Zuidnederlands Woordenboek

Walter De Clerck (1981)

Gepubliceerd op 03-02-2023

reuzelen

betekenis & definitie

1. Van koren, stro, papier enz., alsook van de wind en de bladeren: (zachtjes) ruisen, ritselen; - vand. ook van korrelige stoffen als zand, gruis: met een ritselend geluid (weg)glijden, ritselen.

De kinderen zijn naar bed. Buurvrouw Trien heeft de kleinen uitgekleed.
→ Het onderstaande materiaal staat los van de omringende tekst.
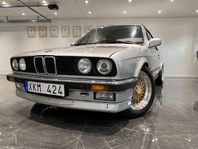 BMW 320 i Convertible*e30*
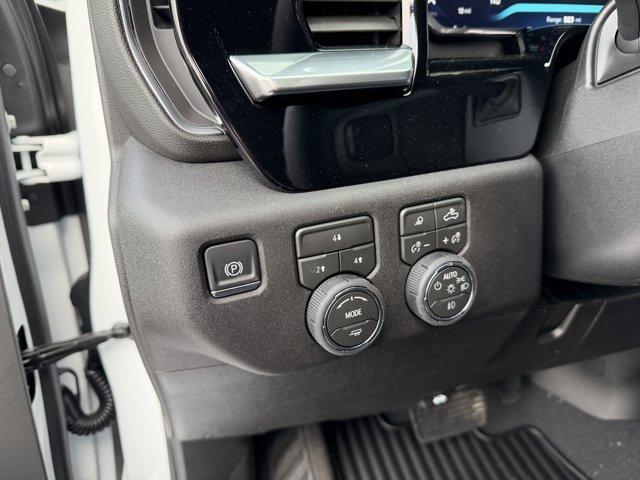 new 2026 Chevrolet Silverado 3500 car, priced at $73,700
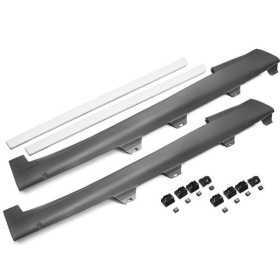 BAS DE CAISSE SPORT convient VW Scirocco 08 Ã  04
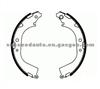 Brake Shoes For ISUZU FN2280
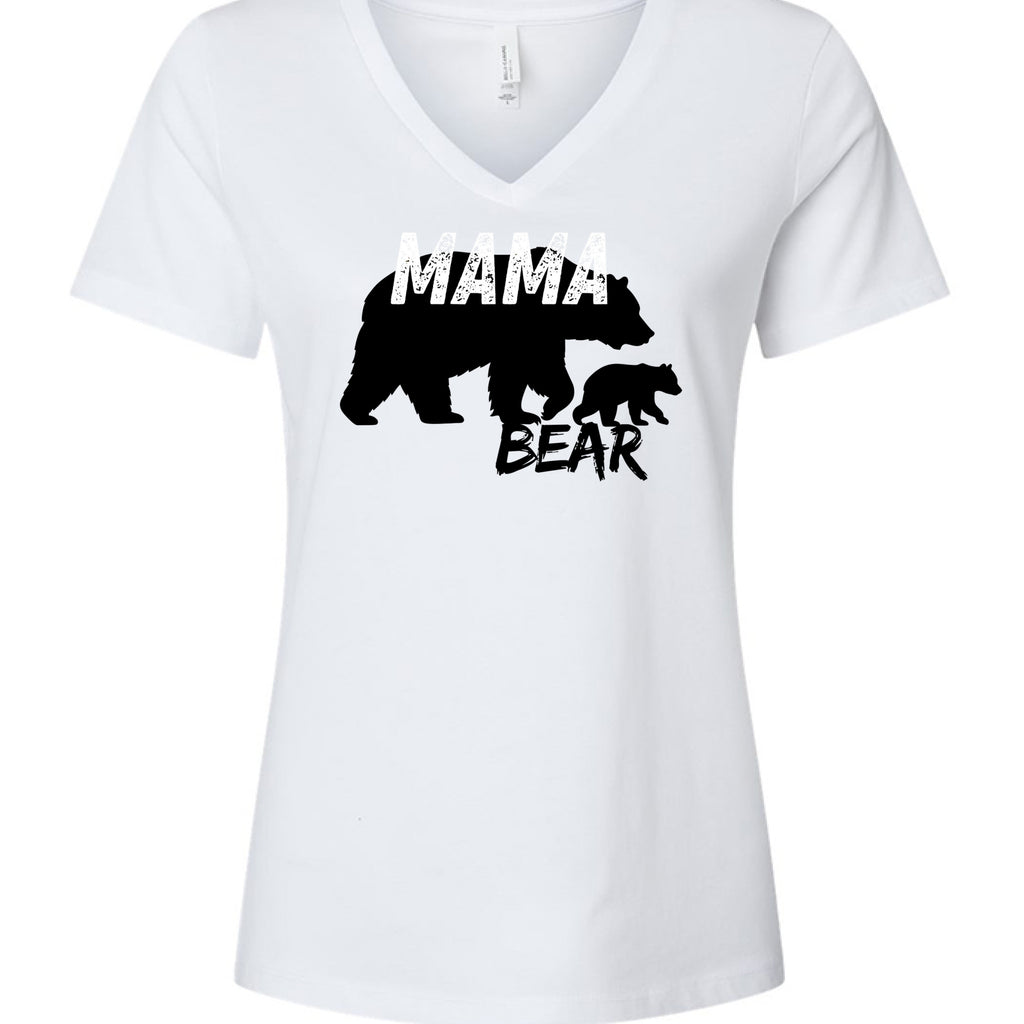 Solid White Blend - FRONT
Tooje heeft ze onder de dakbalken naar hun reuzelenden stroozak gebracht, BLOMMAERT 1945, 8.

De korenakker, als een zee van reuzelend goud in de ongenadige schittering van de zon, kwam mij als iets oneindig voor, VAN HEMELDONCK 1946, 54.

Achter de kerk beklom ik de helling van den Konijnenberg; het goede zand, ik moest het in de hand nemen, het reuzelde me door de vingers, VAN HEMELDONCK 1946, 202.

De zon stond boven ’t korenveld te laaien, het gele gouden Koren reuzelde zachtjes, en ’t was als een ver, ver geruis uit een wondere wereld, CLAES 1955, 187.

Als hij (de hond) het reuzelen hoort van papier sidderen even zijn oren, zacht en glanzend als zijde, en in plotse waakzaamheid kijken zijn verstandige, ondeugende ogen mij aan, DE PILLECYN 1962, 258.

Horst stak de ene sigaret met de andere aan, drukte het peukje op de grond uit en liet er uit zijn hand wat zand over reuzelen, WALSCHAP 1975, 135.

2. (Iets) zachtjes (aan)raken; in het knikker- en kegelspel: (de knikker of bal) slepend over de grond laten gaan.
3. In de verb. reuzelen achter iem., iets, uit zijn op ook: ergens reuzelen, ergens rondhangen (omdat men op iets uit is).

We (gaan) langs ’t Begijnhof; waar Koekoek misschien bij zijn tante begijntje zit, ’k geloof dat hij nu weer achter een begijntje reuzelt, TIMMERMANS, Anna-Marie 87 (1922).

Afl./Sam.: reuzeling, geruis, geritsel; - reuzeldroog, zeer droog.